Tout cela s'ajoute à deux articles récents du Guardian, accusés d'avoir été fabriqués.
Le 27 novembre, le Guardian a publié en première page un article rédigé par Harding, Collyns et Fernando Villavicencio, journaliste équatorien et ancien militant antigouvernemental.) Fernando Villavicencio - affirmant que l'ancien directeur de campagne de Trump, Paul Manafort, avait eu trois entretiens secrets avec Assange à l'ambassade d'Équateur. (Note : Comme le Canary l'a rapporté, le nom de Villavicencio est apparu sur la version imprimée mais n'était pas présent sur la version web).
Mais dans une interview exclusive accordée au Canary, l'ancien consul et premier secrétaire de l'ambassade d'Équateur Fidel Narváez a réfuté cette histoire. Et divers médias, dont le Washington Post, l'ont ensuite ridiculisée. L'article cherchait aussi à établir un lien entre Assange et la Russie, en déclarant :
Une source bien placée a dit au Guardian que Manafort était allé voir Assange vers mars 2016. Quelques mois plus tard, WikiLeaks a publié une cachette d'emails démocrates volés par des agents du renseignement russe.
Un article antérieur du Guardian - écrit par Harding, Kirchgaessner et Collyns et publié le 21 septembre 2018 - était intitulé Revealed : Le plan secret de la Russie pour aider Julian Assange à s'échapper du Royaume-Uni. L'article affirmait qu'il "soulève de nouvelles questions sur les liens d'Assange avec le Kremlin". Narváez a également décrit cet article comme une "fausse histoire" dans son interview avec le Canari. Et parce que le Guardian l'a désigné comme le lien avec la Russie dans l'article, l'ancien diplomate a accusé le Guardian de causer "des dommages irréparables à ma réputation" et a exigé des excuses.
Cela ne suffit pas
Se référer simplement à des "sources anonymes" (comme dans l'article sur les supposées visites de Manafort) n'est pas suffisant à l'ère des fake news. C'est la raison pour laquelle The Canary a donné suite à l'article du Guardian sur Manafort en suggérant des sources probables : à savoir des entrepreneurs privés du renseignement organisés par les services équatoriens (Senain), qui auraient reçu l'aide de Villavicencio. Le Guardian, quant à lui, a largement échoué à défendre ses affirmations.
En ce qui concerne les sources, il est important que les journalistes fassent attention à qui ils s'associent. Par exemple, James Ball, commentateur du Guardian et rédacteur de BuzzFeed, a pris la parole lors d'un événement organisé par la controversée Integrity Initiative, qui prétend être spécialisée dans la "contre-désinformation". C'est également le cas du journaliste du Guardian/Observer Nick Cohen. Et au moins un autre journaliste du Guardian a également pris la parole lors de cet événement. D'autres journalistes de médias grand public, quant à eux, figurent également dans le document des activistes du "cluster britannique" d'Integrity (consulté par The Canary).
La question que nous devons maintenant nous poser est la suivante : si l'article du Guardian sur les visites de Manafort était faux, alors combien d'autres affirmations contre Assange dans les articles cités ci-dessus étaient également fausses ? Si le journal avait fourni des preuves tangibles dès le départ, nous n'aurions pas besoin de poser cette question.
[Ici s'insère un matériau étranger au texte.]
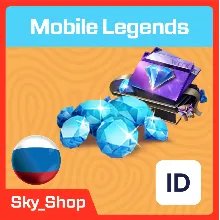 Mobile Legends | Алмазы | Пропуск | АВТОвыдача ID | 24/7 | Россия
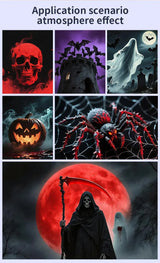 Rotating LED Halloween Night Light for Bedroom or Home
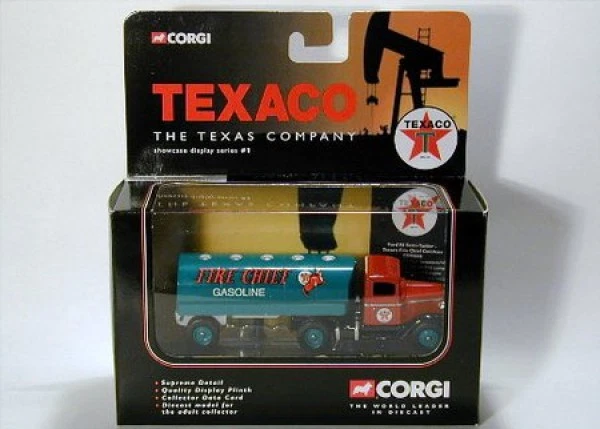 Ford Artic Tanker 1932 - Texaco Fire Chief Gasoline L=11Cm Corgi - Image 1 of 1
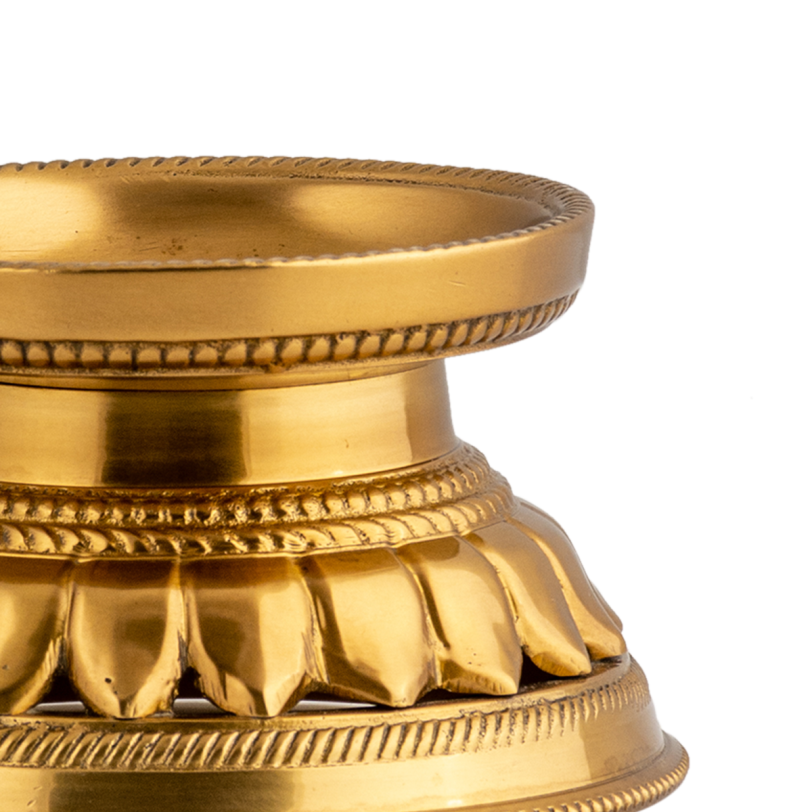 Sugandhim Gold Brass Candle Holder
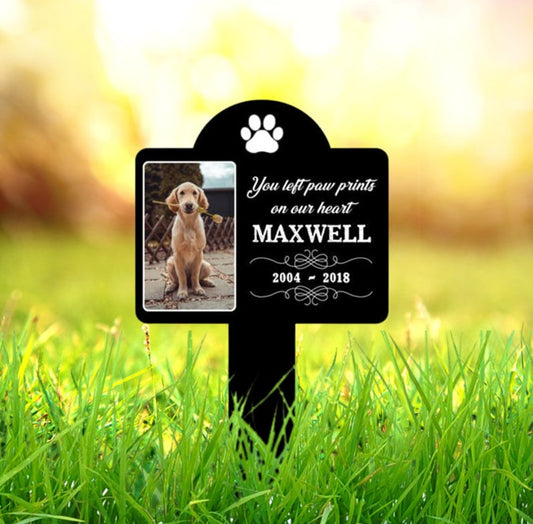 Dog Photo Memorial Stake Custom, Pet Portrait Sympathy Grave Marker, Dog Grave Markers, Outdoor Animal Grave Plaque, Grave Marker for Dog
Mais il ne l'a pas fait. Alors nous le faisons.
Le Canary a contacté le Guardian pour un commentaire. Mais le Guardian n'avait pas encore répondu au moment de la publication.
Quel que soit le raisonnement du Guardian derrière ses articles sur Assange, ils contribuent sans aucun doute à créer un climat hostile envers le fondateur de WikiLeaks. Et cela pourrait permettre au nouveau gouvernement de l'Équateur, à la demande des États-Unis et du Royaume-Uni, de le pousser hors de l'ambassade à Londres, et de l'exposer à une extradition potentielle ou probable vers les États-Unis.